There are dozens of people, like myself, who blog about books. As part of my hobby, publishers send books to me for free for review on my site. It doesn’t happen often, but I get enough of them — enough that my bookshelves are starting to fill up in my tiny apartment. But some of the more serious bloggers are on blogger lists with the publishers, and have books sent to them constantly, generally about a month before the books’ official release.
But now William Morrow — a division of HarperCollins — is starting to define rules for these bloggers, most of which are not paid and do it for the love of books. According to the L.A. Times, William Morrow sent out a letter to bloggers back in December, explaining that they must read and review the books on their site within a month of receiving. They were told, in a very passive-aggressive letter, that if they didn’t, they would no longer be able to accept free books from the publisher:
If it isn’t already clear, WE LOVE THAT YOU LOVE OUR BOOKS! And to allow us to continue to offer free copies and free shipping to you committed book reviewers, we will be tracking how many reviews we receive from you. If we notice that you request books but aren’t posting your comments or sending us the link, we may suspend your ability to receive review offers from us.

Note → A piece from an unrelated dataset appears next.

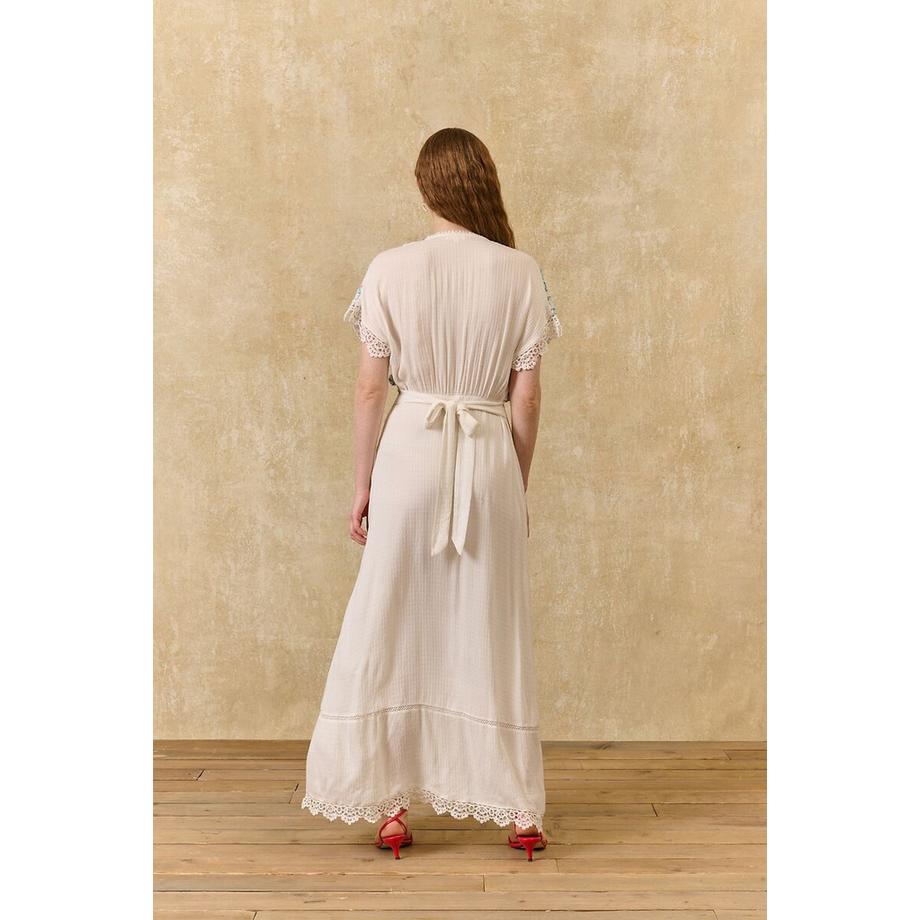Louise-Misha Langes besticktes Kleid BEJOLIE mit V-Ausschnitt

We know you’re busy bloggers -– if you don’t think you’ll be able to post a review within a month, please pass on that offer so we can continue to offer you free books in the future!

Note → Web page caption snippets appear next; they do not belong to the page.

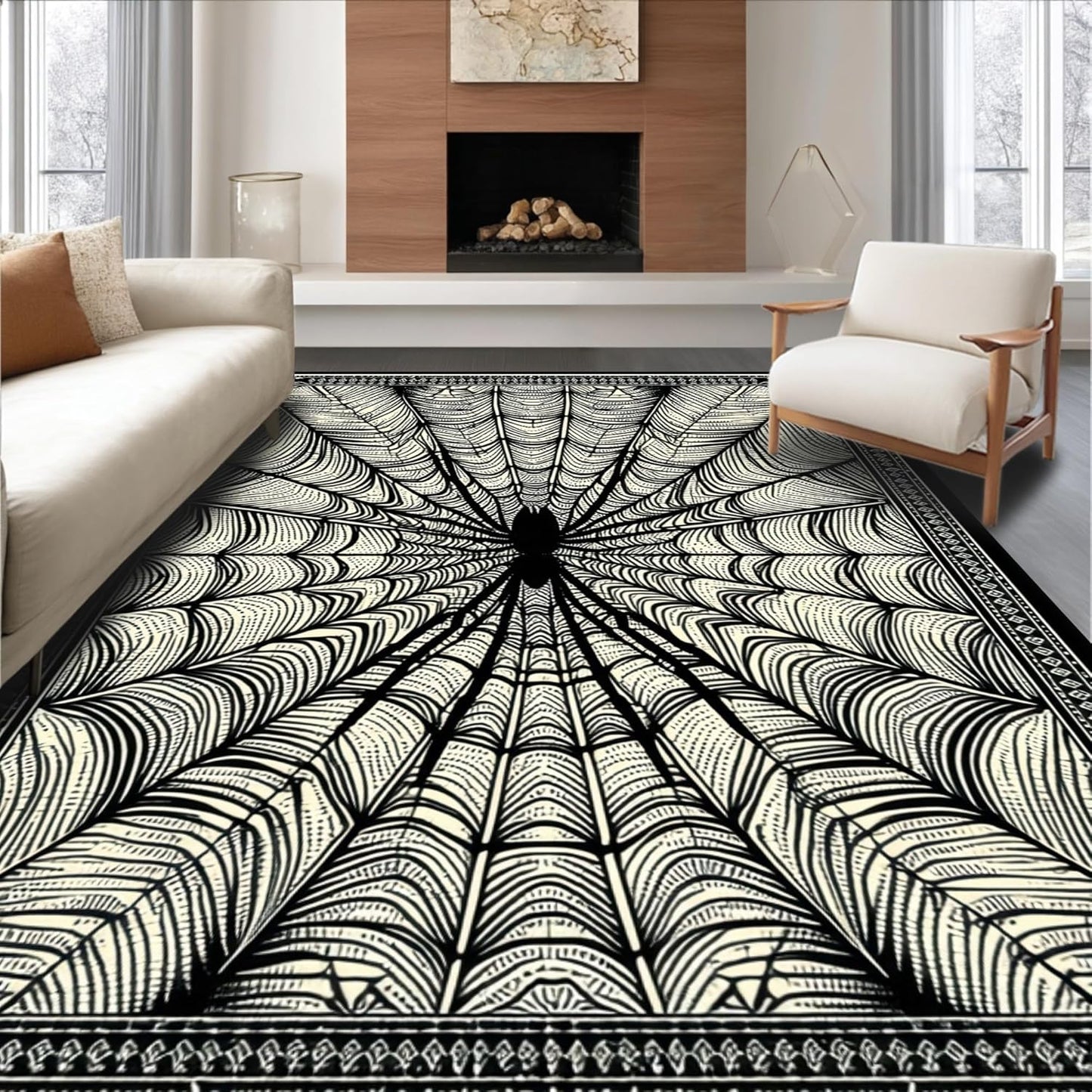 Ultra Soft Area Rug 6x9, Non Slip, Stain Resistant, Washable Area Rugs for Living Room, Bedroom, Creepy Vintage Halloween Theme (Black, 6x9)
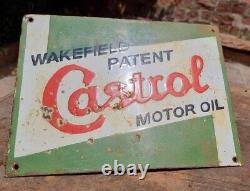 Vintage 1930's Old Antique Rare Castrol Motor Oil Ad Porcelain Enamel Sign Board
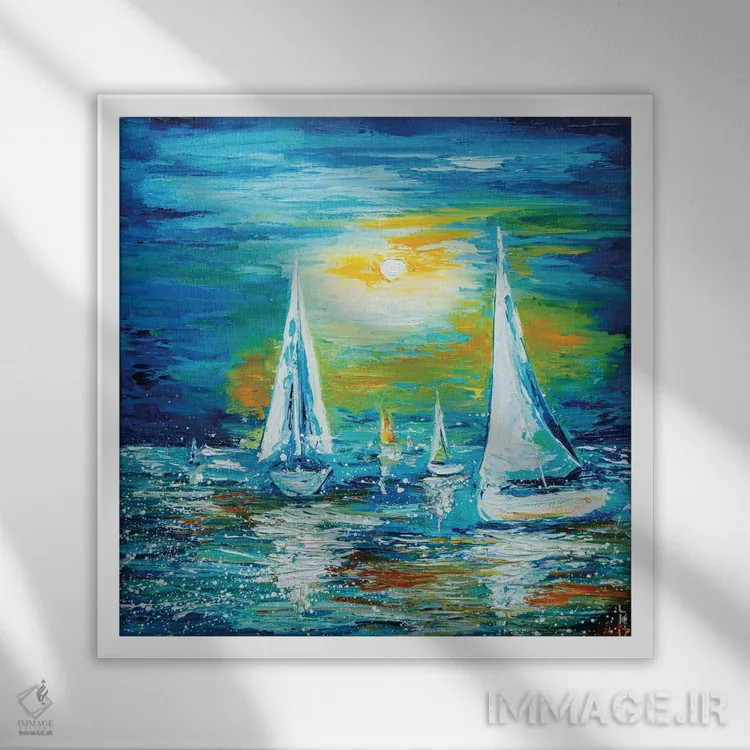 تابلو دکوراتیو مسابقه قایق رانی ۲ اثر کوپتسووا آرت - نمای قابدار سفید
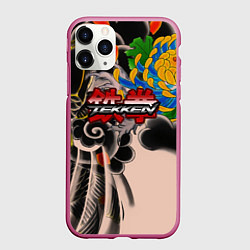 Чехол iPhone 11 Pro матовый Tekken tatoo japan, цвет: 3D-малиновый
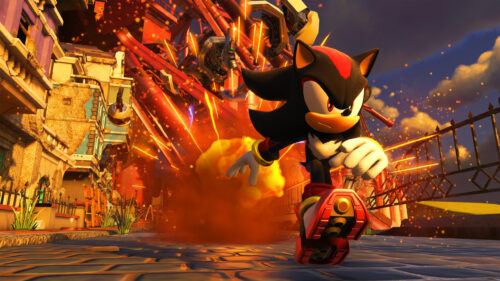 Shadow the Hedgehog Dynamic Action Scene 4K Desktop Wallpaper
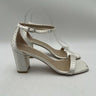 Women’s Stuart Weitzman Nearlynude Satin Ivory Embellished Sandal Size 10B Stuart Weitzman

How is this fair, when most of these bloggers — as I mentioned earlier — are doing this as a hobby? This is not an obligation. Blogger outrage resulted in William Morrow sending out another email the next day that promised “Not posting a review within a time period will not earn anyone a suspension from the list.”

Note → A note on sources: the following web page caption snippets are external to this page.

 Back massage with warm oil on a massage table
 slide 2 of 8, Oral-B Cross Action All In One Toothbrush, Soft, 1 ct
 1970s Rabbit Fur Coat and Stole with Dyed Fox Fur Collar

So what was that all about? First, William Morrow sets guidelines, then takes them back. I wonder if the guidelines initially were set because the publisher could not afford to give away so many books. By setting guidelines, it sets some up for failure and would ensure that fewer books would be given away. But ultimately, the giveaways are then blogged about. Readers come across the reviews, and buy the books. Doesn’t giving away books to bloggers ultimately lead to more positive sales? To set guidelines for book blogging is completely baffling. Publishers should be happy to get the exposure at all. The authors I’ve worked with in the past certainly are.